Valor Econômico - 13/01/2016

Edna Simão, Chiara Quintão e Estevão Taiar | De Brasília e São Paulo

A ideia de permitir que a prestação para faixa mais baixa do programa Minha Casa, Minha Vida aumente conforme a renda do beneficiário -reivindicação do setor de construção que está sendo estudada pelo governo - já desperta contestações. O líder do Movimento dos Trabalhadores Sem Teto (MTST), Guilherme Boulos, garante que haverá protestos nas principais cidades do país, se o governo federal levar adiante as alterações.

"Uma prestação de 20% [da renda] é quase de mercado, não é subsídio", diz Boulos. "Desembolsar R$ 360 para alguém que ganha R$ 1.800 é muita coisa", afirma. "Essas alterações significam uma descaracterização do programa como ele foi criado e serão enfrentadas nas ruas", diz.

No entanto, apesar de ter apresentado em setembro uma proposta de triplicar o valor da prestação mínima para aquisição da casa própria por famílias com renda de até R$ 1,8 mil no âmbito do Minha Casa, Minha Vida, o governo ainda não tem decisão fechada sobre o assunto e o aumento, segundo fonte, pode ser menor do que o previsto. Uma portaria interministerial deve ser publicada definindo o valor mínimo e a subvenção que será dada pela União.
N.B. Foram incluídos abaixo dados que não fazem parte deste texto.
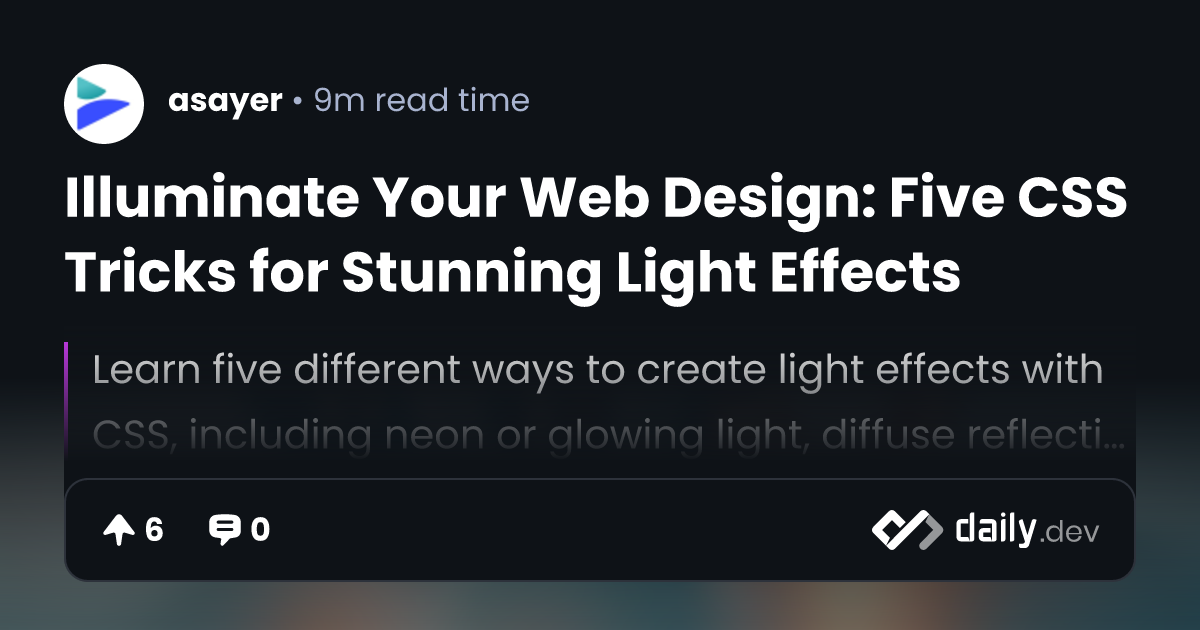 Illuminate Your Web Design: Five CSS Tricks for Stunning...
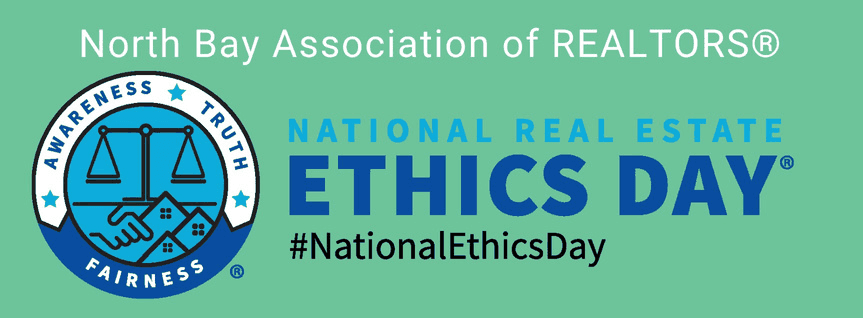 North Bay Association of REALTORS banner for National Real Estate Ethics Day, with the Ethics Day seal and #NationalEthicsDay.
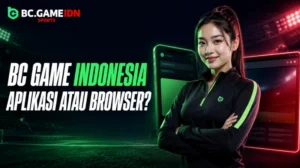BC Game Indonesia - Aplikasi atau Browser, Mana Praktis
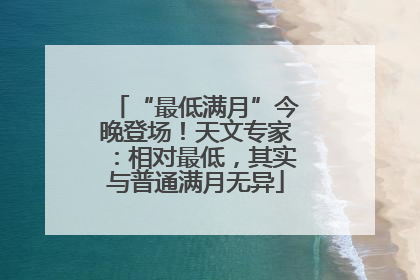 “最低满月”今晚登场！天文专家：相对最低，其实与普通满月无异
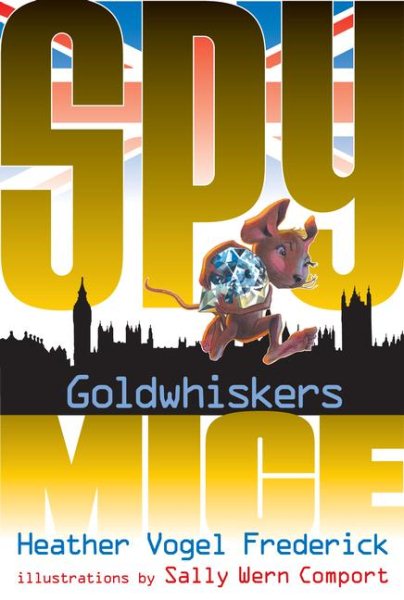 Goldwhiskers (3) (Spy Mice) cover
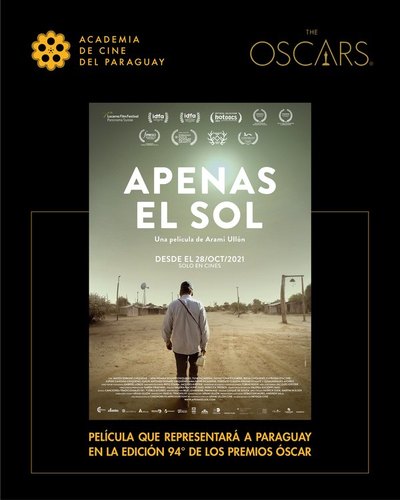 Película paraguaya Apenas el Sol, nominada por primera vez en dos categorías en los Premios Óscar 2022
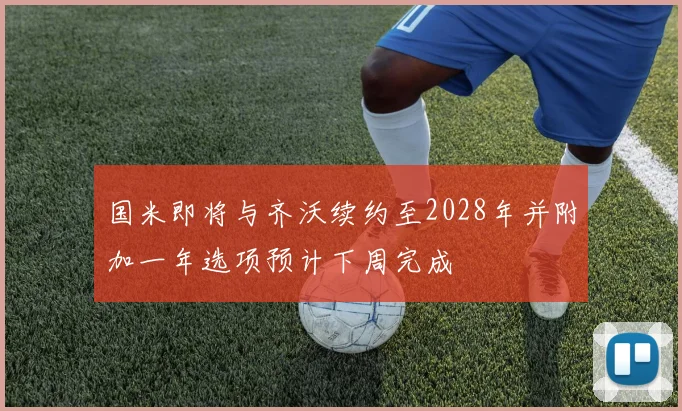 国米即将与齐沃续约至2028年并附加一年选项预计下周完成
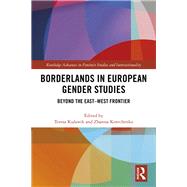 Borderlands in European Gender Studies by Kulawik, Teresa; Kravchenko, Zhanna, 9780367258962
Somente depois disso que as contratações do faixa 1 poderão ser iniciadas.

A presidente Dilma Rousseff quer alavancar o setor da construção civil para melhorar o desempenho da economia e gerar mais postos de trabalho. O início das contratações do "Minha Casa" pode auxiliar o governo neste aspecto. Há quatro meses, Dilma apresentou às centrais sindicais as linhas gerais da terceira etapa do programa. Foi anunciado o aumento do número de faixas, assim como a atualização do valor da renda dos beneficiários e elevação das taxas de juros.

Dentre essas iniciativas estava também a proposta de elevar o valor mínimo das parcelas para atendimento das famílias com renda de até R$ 1,8 mil, ou seja, que fazem parte da faixa 1 do programa. A ideia é que o valor variasse conforme a renda das famílias. Com isso, a prestação mínima subiria de R$ 25 para R$ 80. Mas, segundo fontes ouvidas pelo Valor, ainda não há decisão final sobre o assunto e o reajuste dessa parcela pode ser menor. Segundo proposta apresentada em setembro, as famílias que tiverem renda entre R$ 800 e R$ 1.200, o valor da prestação corresponderá a 10% da renda; de R$ 1.200 a R$ 1.600 a 15%; e de R$ 1.600 a R$ 1.800, 20%.

Outra regra que daria alívio ao caixa do governo é o fato de o pagamento do subsídio ao imóvel para as famílias do faixa 1 ser dividido entre orçamento público e recursos do Fundo de Garantia do Tempo de Serviço (FGTS). Atualmente, a União entra com 95% dos subsídios para as famílias de menor renda. No faixa 2, a União banca 17,5% do valor do subsídio e o FGTS é responsável por 82,5%. No casa do faixa 1, a participação do FGTS será variável podendo em, alguns locais, se aproximar dos 50%.

Na terceira etapa do programa, as famílias que se enquadrarem no faixa 1 precisarão ter renda mensal de R$ 1,8 mil. Para ser atendido na faixa 2, a renda da família deve variar entre R$ 2,35 mil e R$ 3,6 mil e na faixa 3 entre R$ 3,6 mil e R$ 6,5 mil. No caso da nova faixa criada, a faixa 1,5, será destinada para famílias com renda de até R$ 2,35 mil e terá subsídio de até R$ 45 mil de acordo com a localidade e a renda.

Foi o setor de construção civil que solicitou ao governo a redução do subsídio para a faixa 1, segundo o presidente da Associação Brasileira das Incorporadoras Imobiliárias (Abrainc), Rubens Menin. "Quanto menor o subsídio, mais moradias podem ser contempladas", afirma. "Desde o início do programa, nossa avaliação era que não há necessidade de tanto subsídio. "

A proposta foi apresentada no ano passado ao Ministério do Planejamento, então comandado pelo atual ministro da Fazenda, Nelson Barbosa, e ao Ministério das Cidades, liderado por Gilberto Kassab. O governo foi receptivo à proposta, de acordo com o presidente da Abrainc.

A mudança na fatia máxima da renda do comprador para pagamento das prestações de imóveis da faixa 1 do programa - em avaliação pelo governo - não muda nada para as construtoras, mas pode elevar a inadimplência, segundo o diretor de relações institucionais da Cury, Ronaldo Cury. A Cyrela tem 50% de participação na Cury. No segmento, a inadimplência é elevada - próxima a 20% -, diz o representante da Cury, porque não há análise de crédito do comprador, mas apenas é verificado se a renda familiar se enquadra no teto do valor máximo para a faixa. A definição dos compradores ocorre por meio de sorteio.

Caso seja aprovado o aumento da fatia da renda que pode ser comprometida com a prestação do imóvel em relação aos atuais 5%, a inadimplência pode crescer, mas é o governo quem terá de arcar com isso. Segundo o executivo, a Cury irá focar sua atuação nas faixas 2 e 3 do programa. A faixa 1 utiliza recursos do Tesouro. "O governo já sinalizou que, em 2016, a prioridade para a faixa 1 é concluir o que já foi contratado", diz.

Boulos, do MTST, afirma que 70% do déficit habitacional no Brasil está entre aqueles que ganham menos de três salários mínimos - R$ 2.640. Ou seja, justamente a parcela da população que será afetada, caso as mudanças sejam confirmadas. "É gente que não consegue financiamento para habitação no mercado tradicional", diz.